I think that covers everything I wanted to say for now. Future blog posts will focus more on goals and my progress toward those goals. I can see that my blog numbers have generally gone up since the stroke, possibly because having a stroke makes you a Suddenly Interesting Person. I certainly don't mean to be cynical about the attention and kind support I've received from friends, coworkers, and family. To those people, I am nothing but grateful, but one has to wonder. Those of you who think analytically will doubtless have tracked the length and complexity of my recent blog posts as a way to gauge my mental state; as I'm sure you realize, my marbles are all in place, but physically, I've got work to do. I've been blogging, texting, and writing emails in English, French, and Korean this entire time, so I'm pretty sure my brain's language centers were unhurt by the stroke.

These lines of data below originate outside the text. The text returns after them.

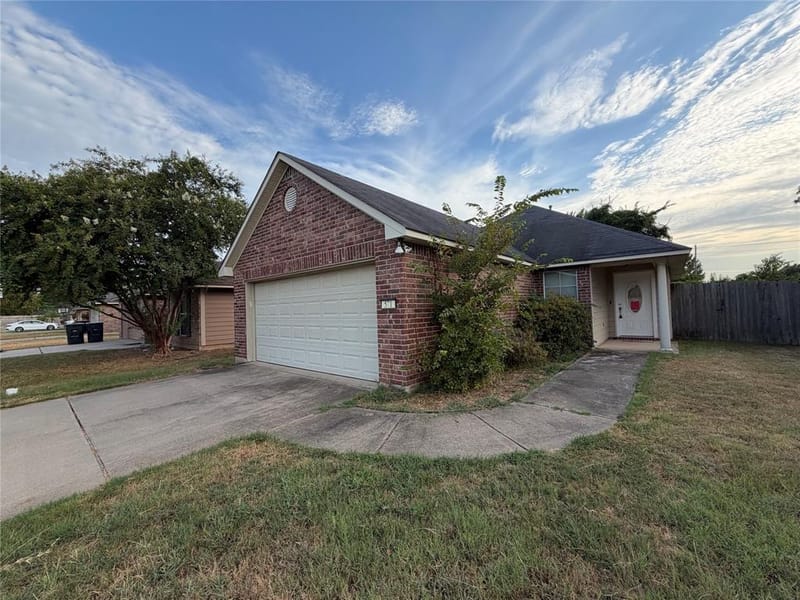 571 Whitefield Lane, Bossier City LA 71112 - Photo 2
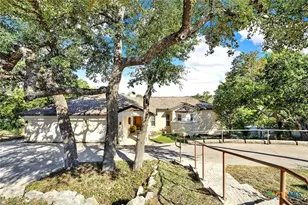 2406 Connie Dr, Canyon Lake, TX 78133 - Photo 5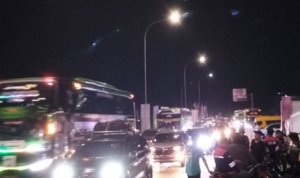 suasana-sejumlah-pengendara-roda-empat-saat-keluar-dari-area-eiyl.jpg suasana sejumlah pengendara roda empat saat keluar dari area eiyl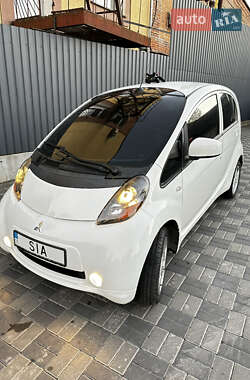 Хэтчбек Mitsubishi i-MiEV 2011 в Хмельницком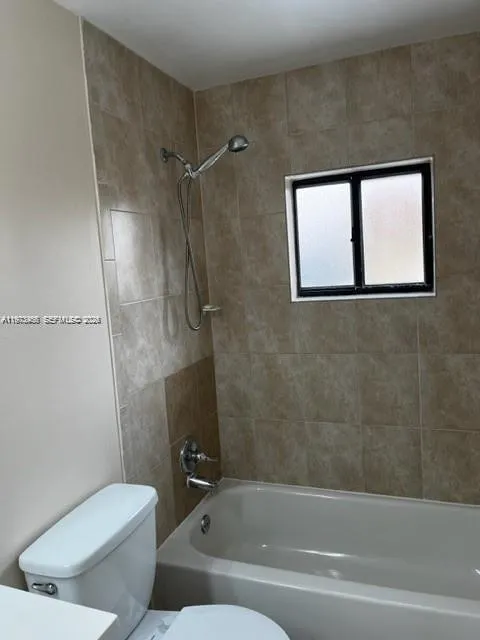 7735 W 29th Way 202, Hialeah, Florida 33018, Hialeah, Florida 33018, 2 Bedrooms Bedrooms, ,2 BathroomsBathrooms,Residential Lease,For Rent,7735 W 29th Way 202, Hialeah, Florida 33018,A11973956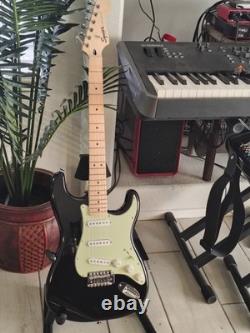 Squire Fender Stratocaster Black withMint Green PickGuard, Upgraded electronics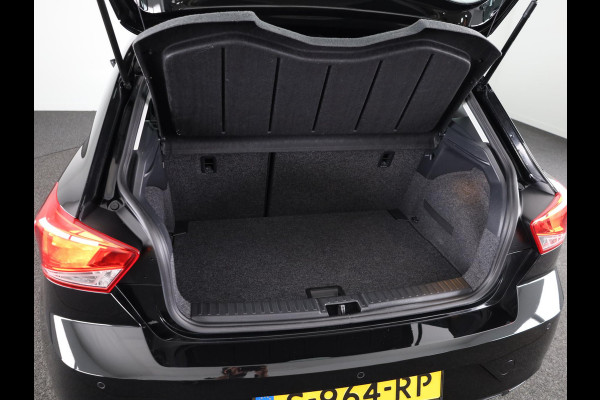 Seat Ibiza 1.0 EcoTSI Style 95 pk | Navigatie via App | Parkeersensoren achter | Autom. airco | Apple Carplay/Android Auto | LED koplampen |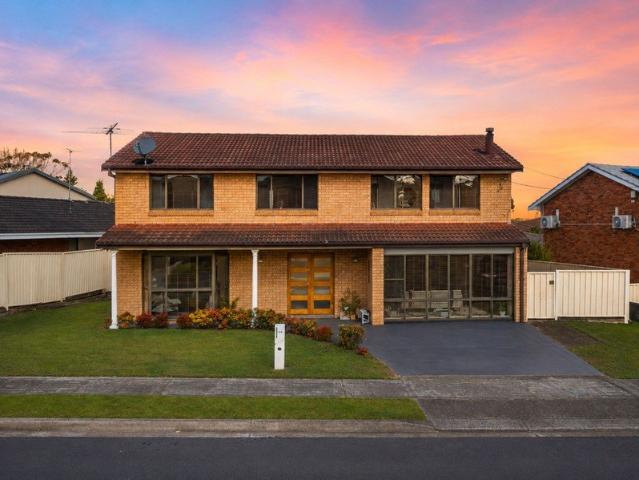 Generous Family Living in a Quiet Cul de Sac with Poolside Entertaining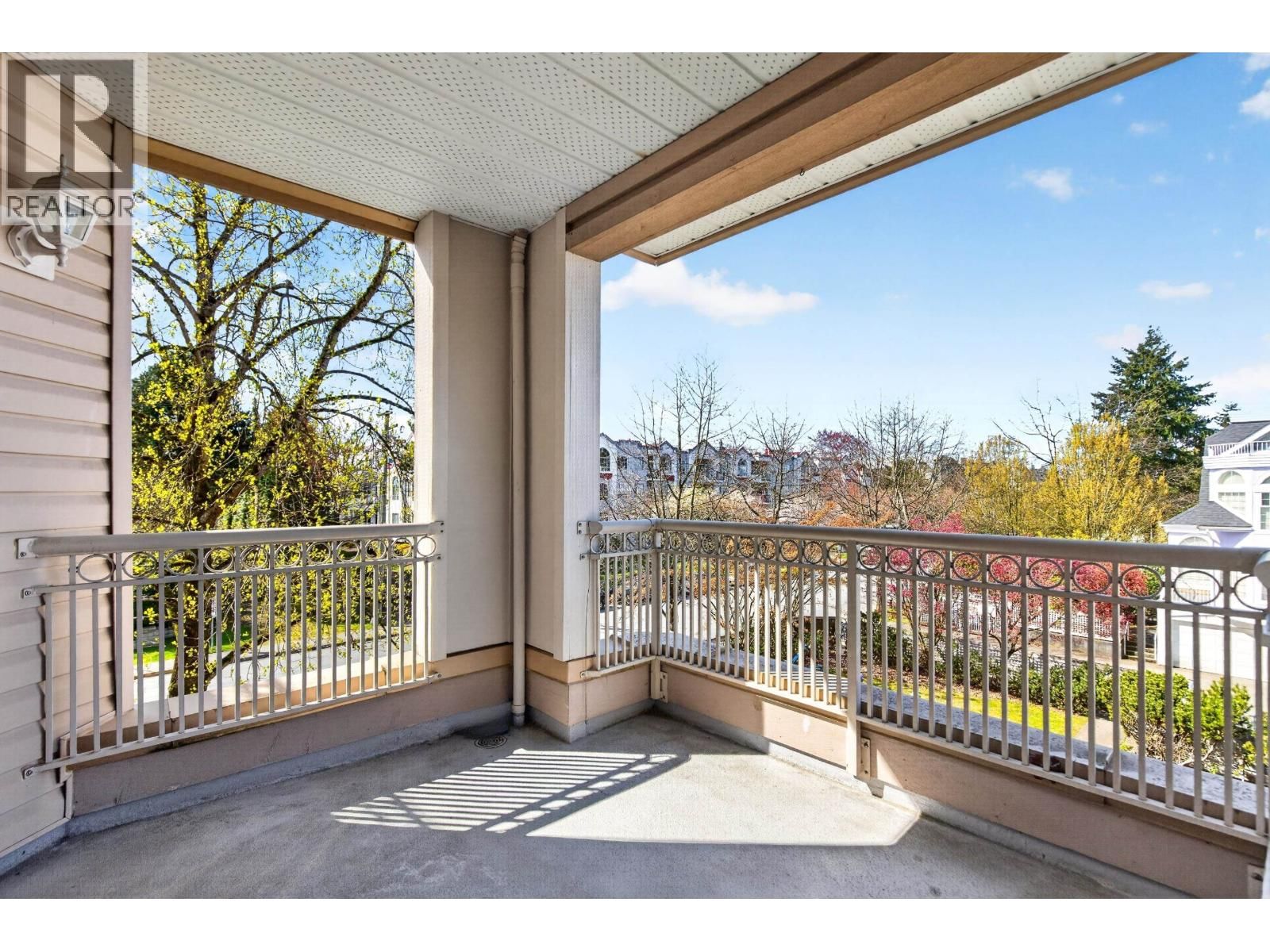 207 - 8775 JONES ROAD Image 28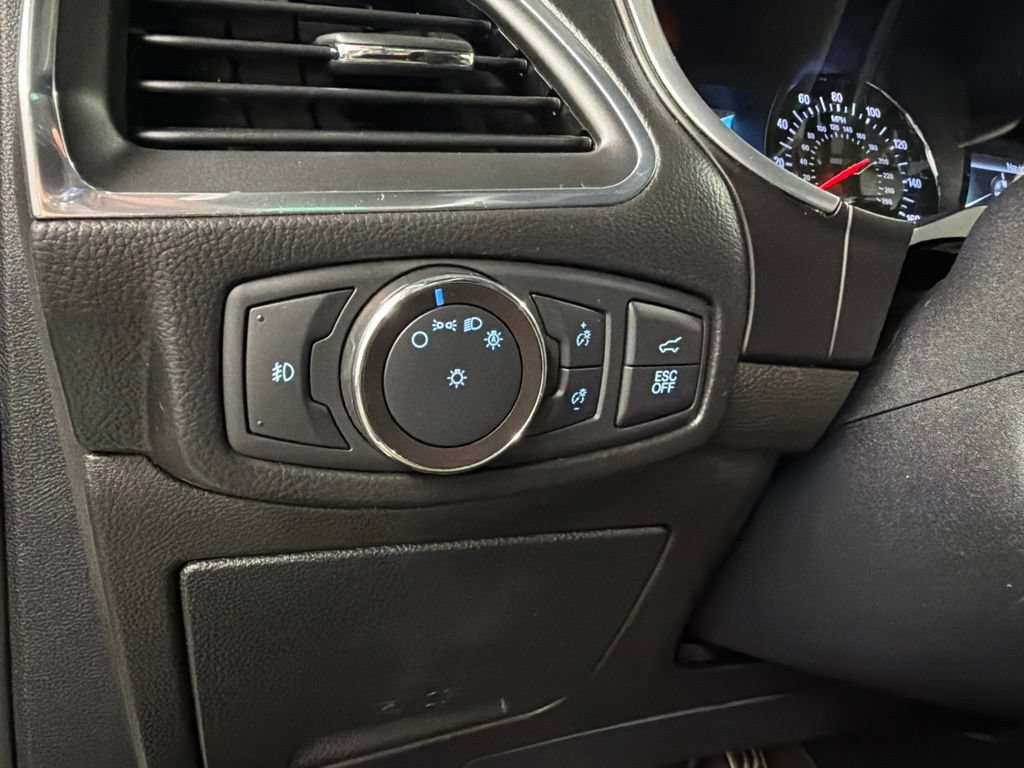 Certified 2019 Ford Edge ST w/ Equipment Group 401A AWD/4WD image 17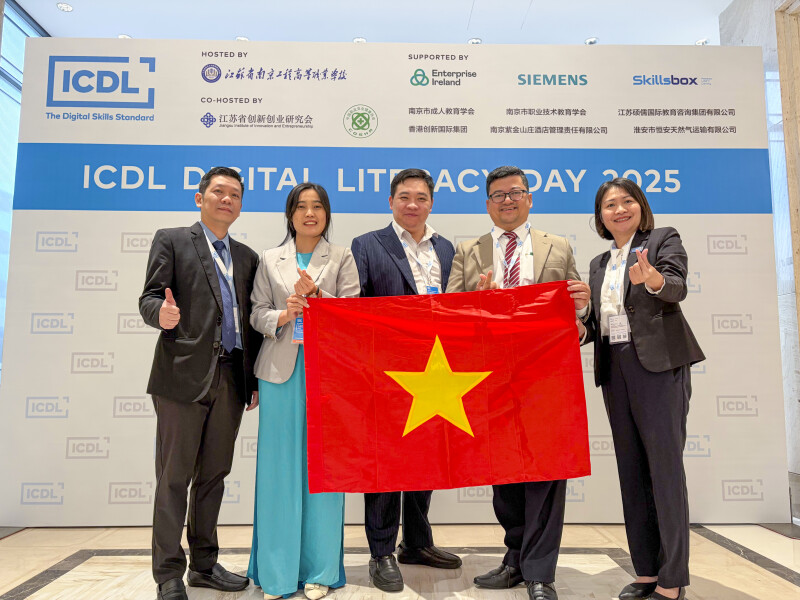 EMG Education lần thứ hai liên tiếp nhận giải ICDL Premier Partner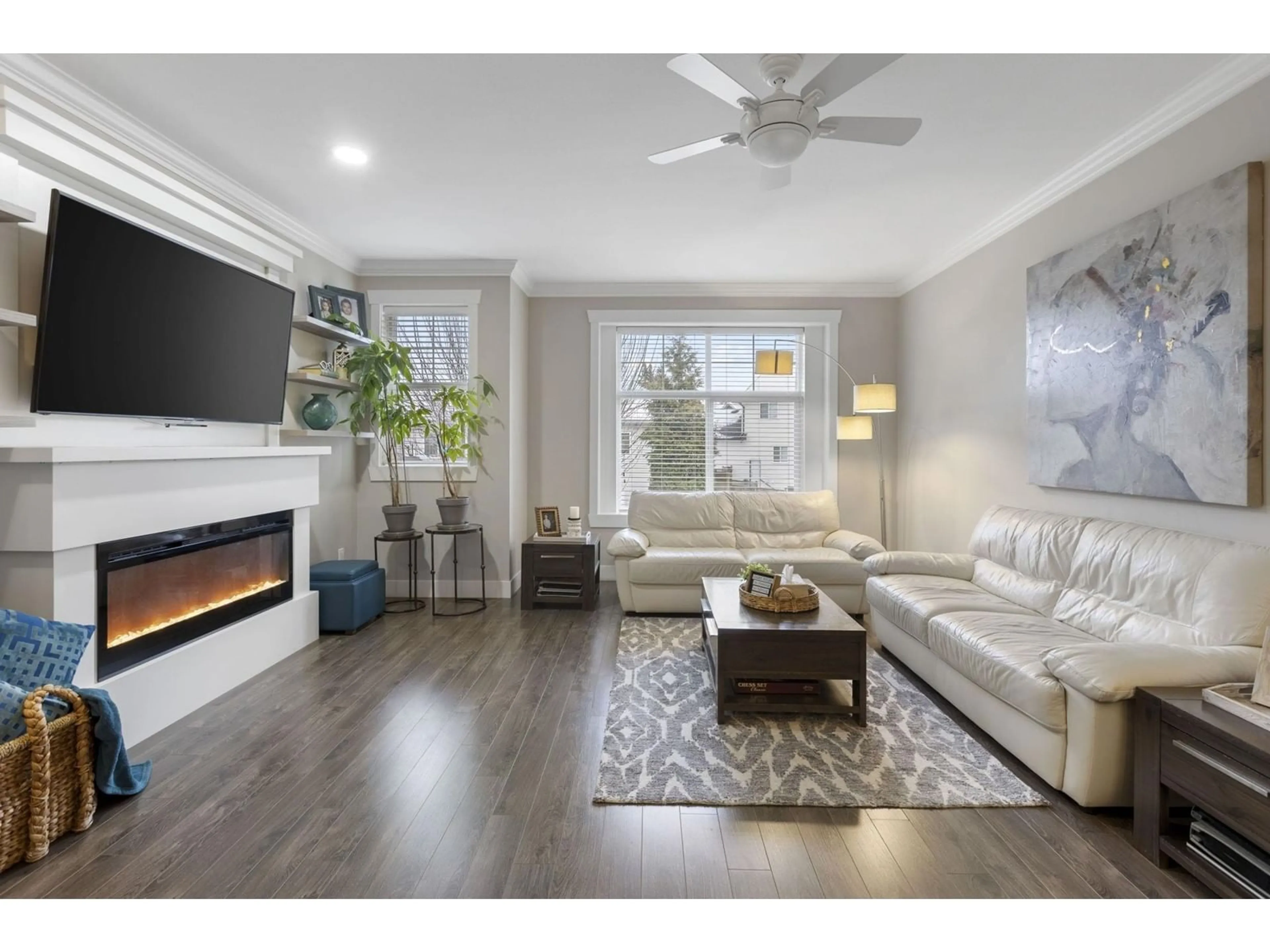 Living room with furniture, unknown for 18 33860 MARSHALL ROAD, Abbotsford British Columbia V2S0E8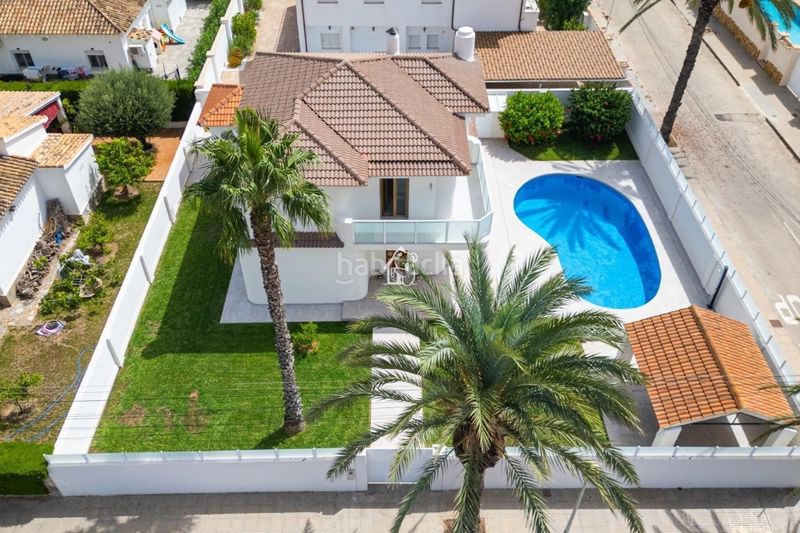 Foto 74d5248e-0a04-4a38-a54a-160da42ffa1a. Casa amb aparcament piscina a Cabo Roig Orihuela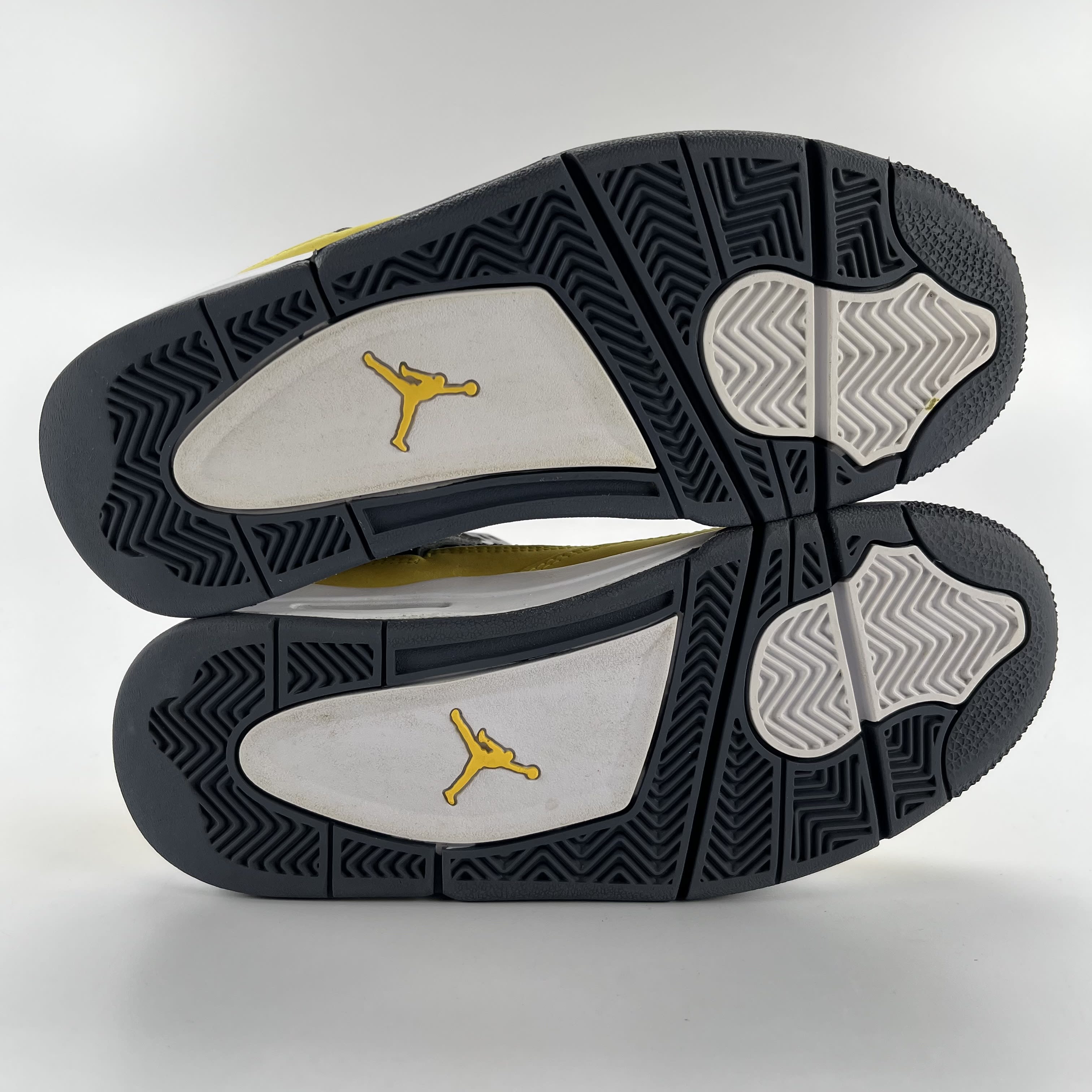 800114 Jordan 4 Retro Lightning (2021) (GS)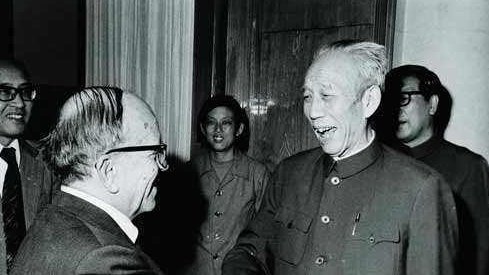 他是栗裕部下的开国上将,一个儿子成为商业巨头,其他两个更是大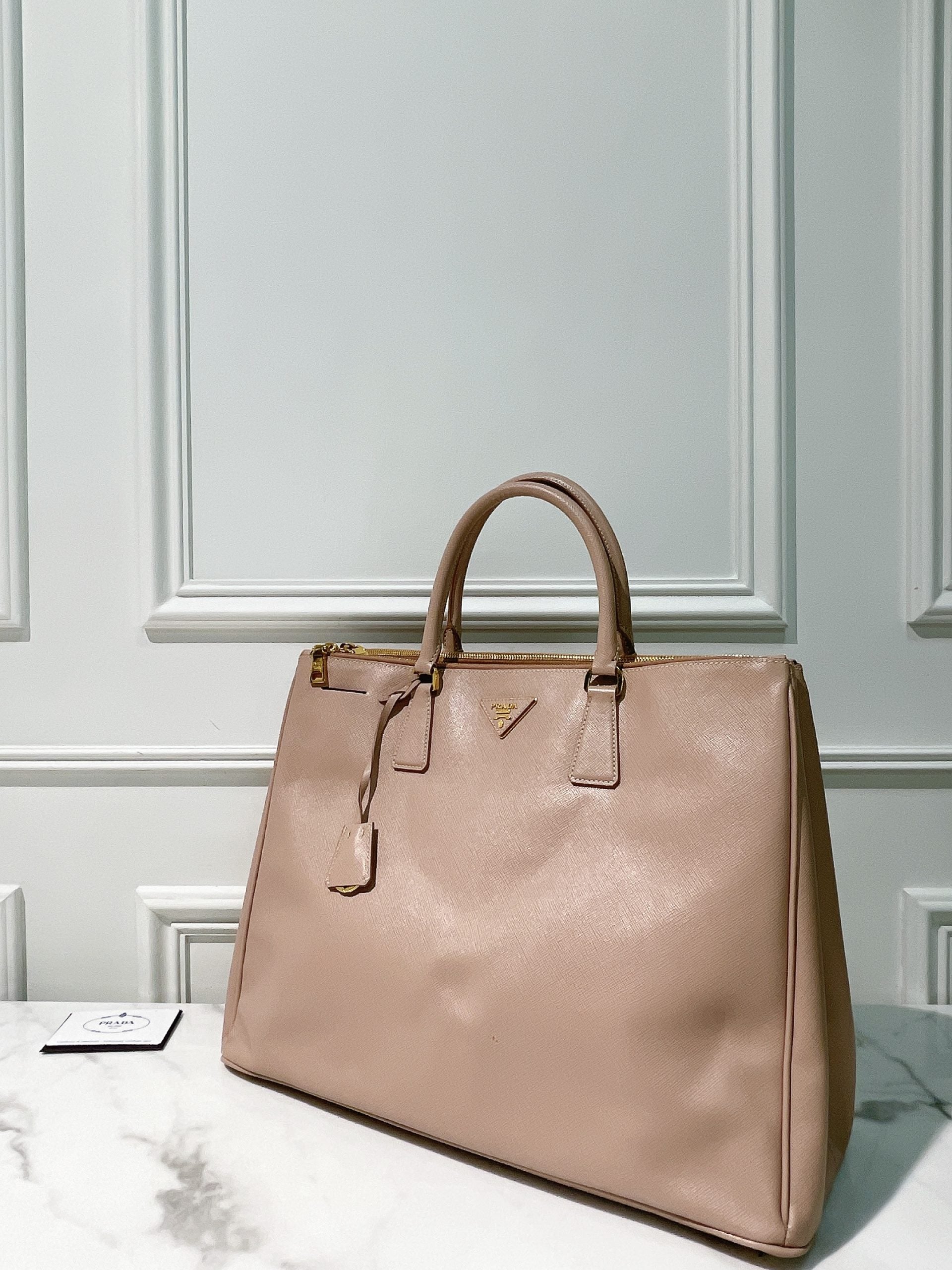 PRADA GALLERIA BAG, Beige/Gold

Anyway, that's all for the moment. More later. Thanks, as always, for reading.

## Saturday, May 22, 2021

### placeholder

I've got a lot to say, and I'll say it later today. Stay tuned.

## Friday, May 21, 2021

### back home

With many thanks to my boss, who acted as my guardian, I'm now back home. And after a week of not being able to get any proper sleep, I'm now too tired to write The Ultimate Blog about my recent and ongoing adventure. So that might have to wait until tomorrow. Sorry.

### out of here soon

In theory, at least, I ought to be out of here in the next few hours. There are a few practical issues that need resolving, such as the question of my prescriptions and the matter of pay/insurance. But one way or another, I should be outta here, lesson well and truly learned.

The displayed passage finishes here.